AIM OF THE EXERCISE:
Once the line holding "Service Residence for" is found in the entries below, transcribe exactly every line up to and including the one holding "Profilbild von Tino Rehberg", but leave out the pictures.

DATASET ENTRIES section start

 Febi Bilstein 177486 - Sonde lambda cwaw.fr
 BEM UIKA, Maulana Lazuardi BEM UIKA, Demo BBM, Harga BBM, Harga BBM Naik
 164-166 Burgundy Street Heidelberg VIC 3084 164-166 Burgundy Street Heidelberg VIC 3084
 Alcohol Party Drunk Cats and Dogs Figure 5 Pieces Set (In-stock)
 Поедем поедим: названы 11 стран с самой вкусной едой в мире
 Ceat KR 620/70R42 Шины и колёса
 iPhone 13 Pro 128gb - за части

DATASET ENTRIES section end
DATASET ENTRIES section start

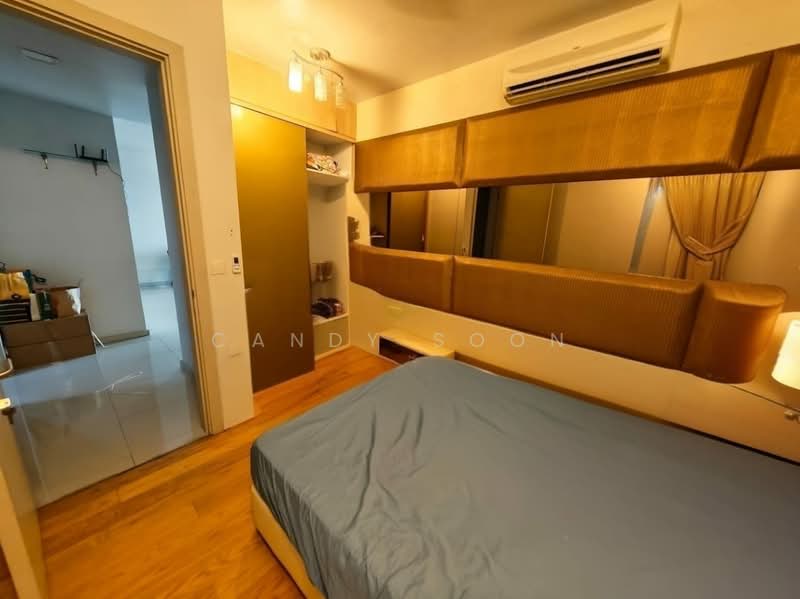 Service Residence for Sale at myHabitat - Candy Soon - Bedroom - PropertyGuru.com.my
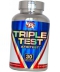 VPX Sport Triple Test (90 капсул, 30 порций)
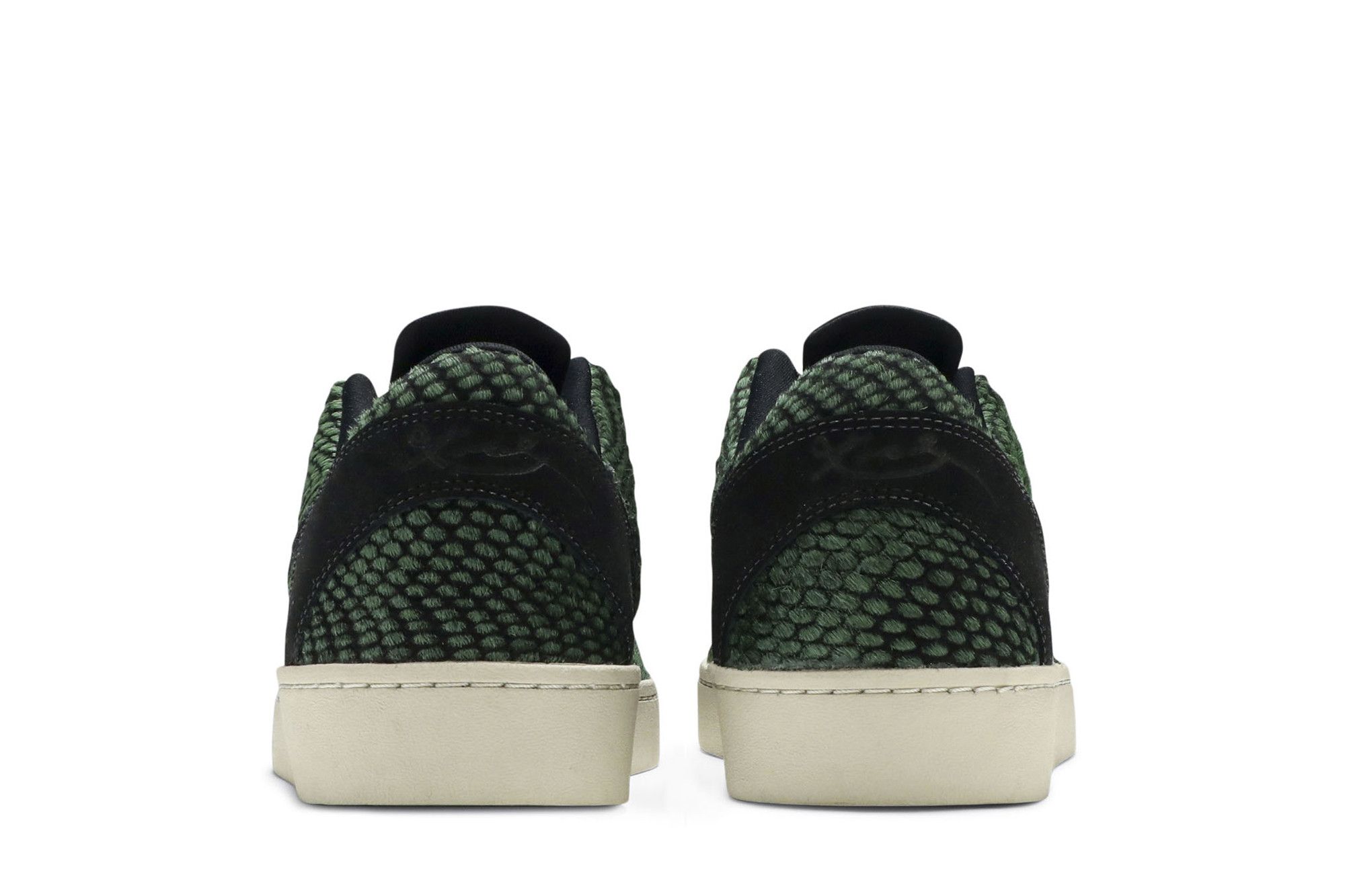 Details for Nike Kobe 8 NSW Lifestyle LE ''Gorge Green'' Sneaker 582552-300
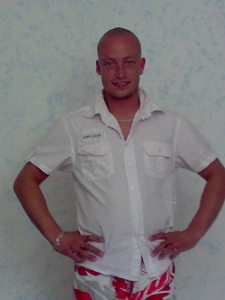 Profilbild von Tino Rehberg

DATASET ENTRIES section end
DATASET ENTRIES section start

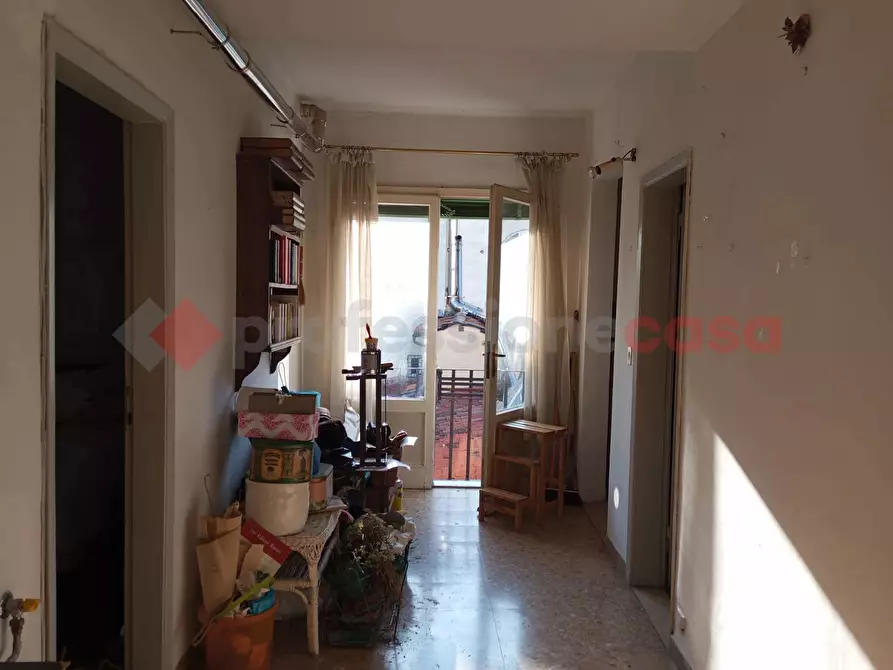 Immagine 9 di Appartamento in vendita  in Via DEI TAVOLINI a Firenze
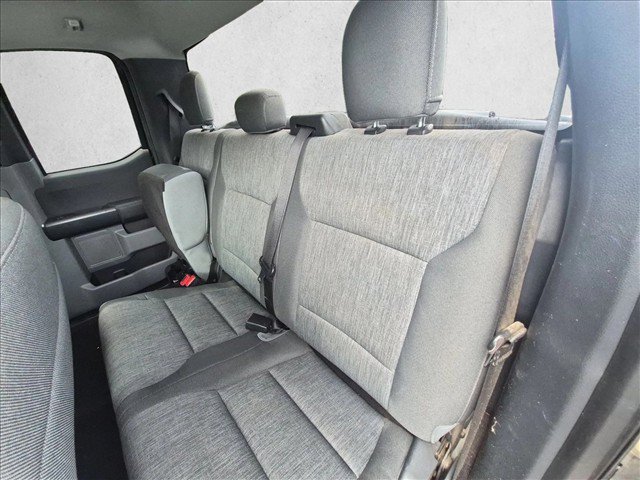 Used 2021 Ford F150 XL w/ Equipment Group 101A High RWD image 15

DATASET ENTRIES section end

ANSWER SECTION:
 Service Residence for Sale at myHabitat - Candy Soon - Bedroom - PropertyGuru.com.my
 VPX Sport Triple Test (90 капсул, 30 порций)
 Details for Nike Kobe 8 NSW Lifestyle LE ''Gorge Green'' Sneaker 582552-300
 Profilbild von Tino Rehberg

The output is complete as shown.